Introducing GeoXray for Crisis Mapping

My colleague Joel Myhre recently pointed me to Geosemble’s GeoXray platform, which “automatically filters content to your geographic area of interest and to your keywords of interest to provide you with timely, relevant information that enables you and your organization to make better decisions faster.” While I haven’t tested the platform, it seems similar to what Geofeedia offers.

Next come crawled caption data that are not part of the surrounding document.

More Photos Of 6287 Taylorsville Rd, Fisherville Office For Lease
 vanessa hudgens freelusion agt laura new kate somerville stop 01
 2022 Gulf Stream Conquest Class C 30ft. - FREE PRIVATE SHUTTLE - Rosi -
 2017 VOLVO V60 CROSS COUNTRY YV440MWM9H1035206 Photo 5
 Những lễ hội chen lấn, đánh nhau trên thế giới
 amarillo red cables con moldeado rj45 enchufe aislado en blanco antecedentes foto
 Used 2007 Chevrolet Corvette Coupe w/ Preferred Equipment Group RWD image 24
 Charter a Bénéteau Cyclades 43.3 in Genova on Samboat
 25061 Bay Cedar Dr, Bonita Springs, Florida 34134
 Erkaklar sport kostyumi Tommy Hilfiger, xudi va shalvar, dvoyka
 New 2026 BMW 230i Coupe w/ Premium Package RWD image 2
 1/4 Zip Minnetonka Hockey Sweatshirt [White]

Perhaps the main difference, beyond user-interface and maybe ease-of-use, is that GeoXray pulls in both external public content (from Twitter, Facebook, Blogs, News, PDFs, etc.) and internal sources such as private databases, documents etc. The platform allows users to search content by keyword, location and time. GeoXray also works off the Google Earth Engine, which enables visual-ization from different angles. The tool can also pull in content from Wikimapia and allows users to tag mapped content according to perceived veracity. One of the strengths of the platform appears to be the tool’s automated geo-location feature. For more on GeoXray:

3 responses to “Introducing GeoXray for Crisis Mapping

  1. Pingback: Wikimapia – Let’s describe the whole world! | Biotech Innovator

  2. Thanks for this informative article, it makes some very good points which I hope will help folks in the Humanitarian and Crisis Warning fields.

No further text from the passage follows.